Re: [PATCH] UML: add support for KASAN under x86_64

From: David Gow
Date: Tue May 24 2022 - 15:35:53 EST


+dja in case he has any KASAN_VMALLOC thoughts.

On Tue, May 24, 2022 at 3:34 AM Vincent Whitchurch
<vincent.whitchurch@xxxxxxxx> wrote:
>
> On Wed, Mar 11, 2020 at 11:44:37PM +0100, Johannes Berg wrote:
> > On Wed, 2020-03-11 at 15:32 -0700, Patricia Alfonso wrote:
> > > I'll need some time to investigate these all myself. Having just
> > > gotten my first module to run about an hour ago, any more information
> > > about how you got these errors would be helpful so I can try to
> > > reproduce them on my own.
> >
> > See the other emails, I was basically just loading random modules. In my
> > case cfg80211, mac80211, mac80211-hwsim - those are definitely available
> > without any (virtio) hardware requirements, so you could use them.
> >
> > Note that doing a bunch of vmalloc would likely result in similar
> > issues, since the module and vmalloc space is the same on UML.
>
> Old thread, but I had a look at this the other day and I think I got it
> working. Since the entire shadow area is mapped at init, we don't need
> to do any mappings later.

Wow -- thanks for looking at this again. It's been on my to-do list
for quite a while, too. I'd somewhat resigned myself to having to
re-implement the shadow memory stuff on top of page allocation
functions, so I'm particularly thrilled to see this working without
needing to do that.

>
> It works both with and without KASAN_VMALLOC. KASAN_STACK works too
> after I disabled sanitization of the stacktrace code. All kasan kunit
> tests pass and the test_kasan.ko module works too.
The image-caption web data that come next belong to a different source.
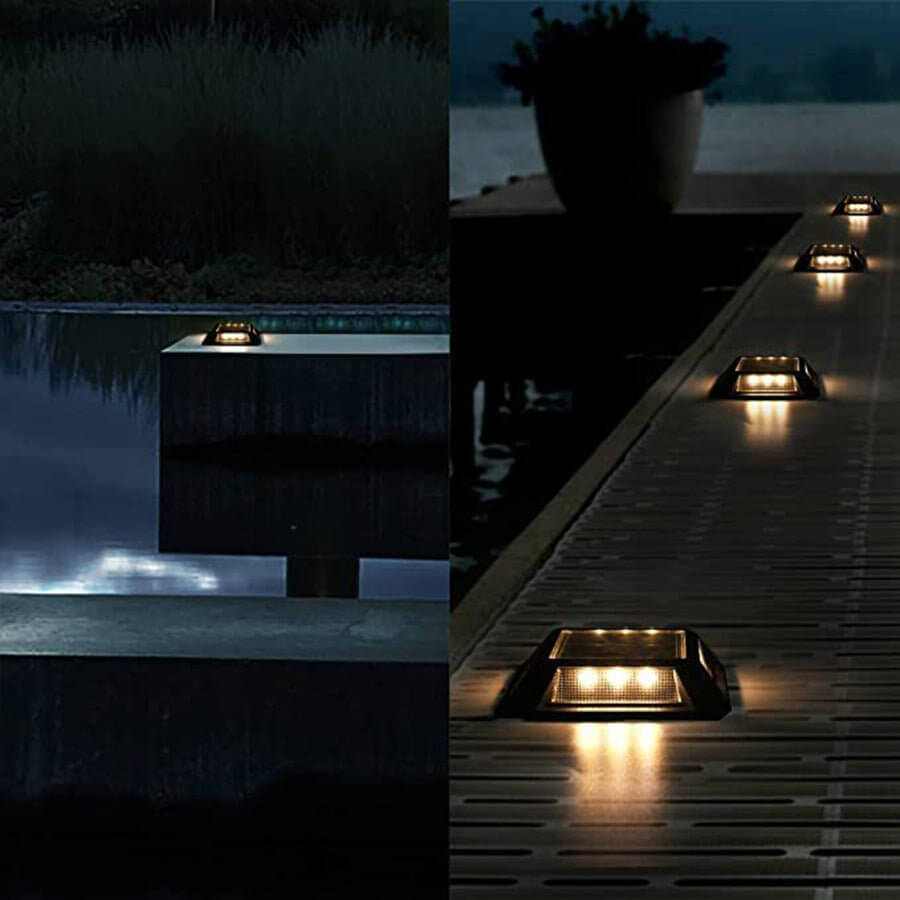 Modern Heavy-Duty Solar Deck Lights Waterproof LED Path Lighting - Lamp Outdoor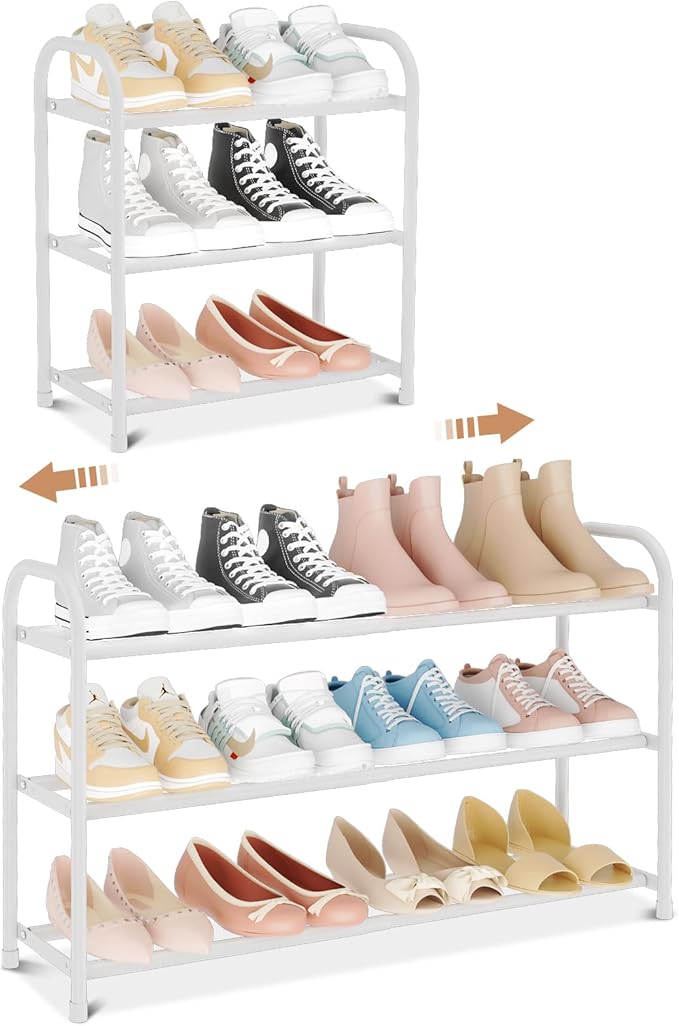 Expandable Shoe Rack for Closet, 18"-32" Metal Shoe Rack for Entryway 3-Tier Adjustable Width Free Standing Shoe Shelf 12 Pairs Small Shoe Organizer for Front Door Garage Bedroom Dorm, White
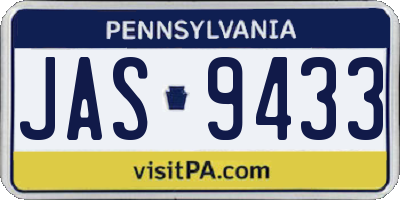 PA license plate JAS9433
I've got this running myself, and can confirm the kasan tests work
under kunit_tool in most cases, though there are a couple of failures
when built with clang/llvm:
[11:56:30] # kasan_global_oob_right: EXPECTATION FAILED at lib/test_kasan.c:732
[11:56:30] KASAN failure expected in "*(volatile char *)p", but none occurred
[11:56:30] not ok 32 - kasan_global_oob_right
[11:56:30] [FAILED] kasan_global_oob_right
[11:56:30] # kasan_global_oob_left: EXPECTATION FAILED at lib/test_kasan.c:746
[11:56:30] KASAN failure expected in "*(volatile char *)p", but none occurred
[11:56:30] not ok 33 - kasan_global_oob_left
[11:56:30] [FAILED] kasan_global_oob_left

The global_oob_left test doesn't work on gcc either (but fails on all
architectures, so is disabled), but kasan_global_oob_right should work
in theory.

>
> Delta patch against Patricia's is below. The CONFIG_UML checks need to
> be replaced with something more appropriate (new config? __weak
> functions?) and the free functions should probably be hooked up to
> madvise(MADV_DONTNEED) so we discard unused pages in the shadow mapping.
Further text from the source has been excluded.